There were sure some strange ducks in this world, Earl thought sourly. Take Charlie, now. Here he was, seventy if he was a day, with nobody knew how much money hidden in his house, and living like a pauper. He didn’t trust anybody or anything, unless maybe it was the sheriff, and he especially didn’t trust banks. If all the cash money he’d collected in rent from the property he owned all over the county was in the house, as it almost had to be, there’d be something pretty close to fifty thousand dollars. Charlie never spent a dime. He was a crazy old miser, with bars and bolts on every door and window, just like in the story books, and for all the good his money did him, he might just as well be dead.

And he would be, Earl promised himself again. The money might not do any good for Charlie, but it would sure do a lot of good for him. At twenty-three, he owned the clothes he had on, and another outfit just like them, and nothing more. But after today things would be different. There’d be no more conversations like that one night before last with Lois Kimble, when he’d asked her to go for a drive with him.

“A drive?” Lois had said, the perfect doll’s face as innocent as a child’s. “A drive in what, Earl?”

“The truck,” he had said. “It’s more comfortable than it looks.”
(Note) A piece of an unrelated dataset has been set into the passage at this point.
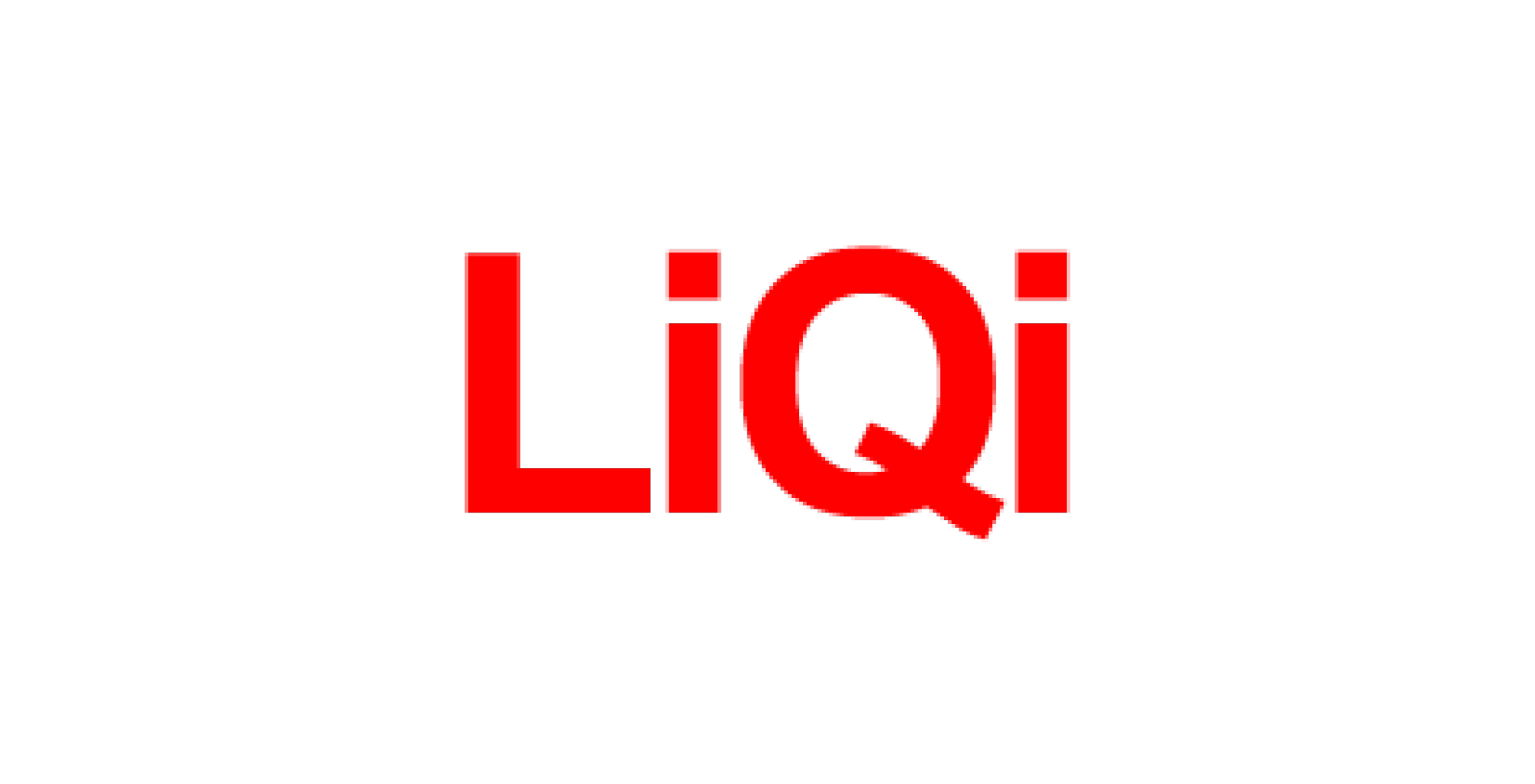 LIQIlogo4.png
“You mean that old thing you haul fertilizer around in all day?”

“It doesn’t smell,” he said. “If it did, I wouldn’t ask you.”

“I’ll bet.”

“It doesn’t. And it rides real good, Lois. You’d be surprised.”
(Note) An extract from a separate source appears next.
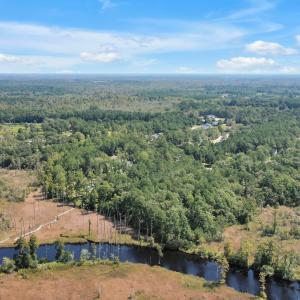 707SonataDriveDrone-9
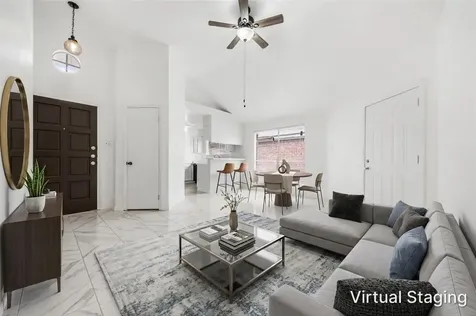 6606 Laurel Glen Drive Katy TX 77449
She looked at him for a long moment, the wide gray eyes inscrutable. “I’d be ashamed,” she said. “I really would, Earl.”

“You figure you’re too good to ride in a truck? Is that it?”

She started to turn away. “I meant I’d be ashamed if I were you,” she said. “I’d be ashamed to ask a girl to... Oh, it doesn’t matter anyhow. I’ve got to be going, Earl.”

“Sure, it matters. Listen—”

“Not to me,” she said, walking away from him. “Good-by, Earl.”

And an hour later he had seen her pass the feed store where he worked, beautiful in her thin summer dress, wide gray eyes fixed attentively on the well-dressed young man beside her, the low-slung red sports car growling arrogantly through the town as if it were affronted by the big unwashed sedans at the curbs, impatient to be back with its own kind in the city where the bright lights and the life and the pleasure were, where there were places that charged more for a dinner than Earl made in a week.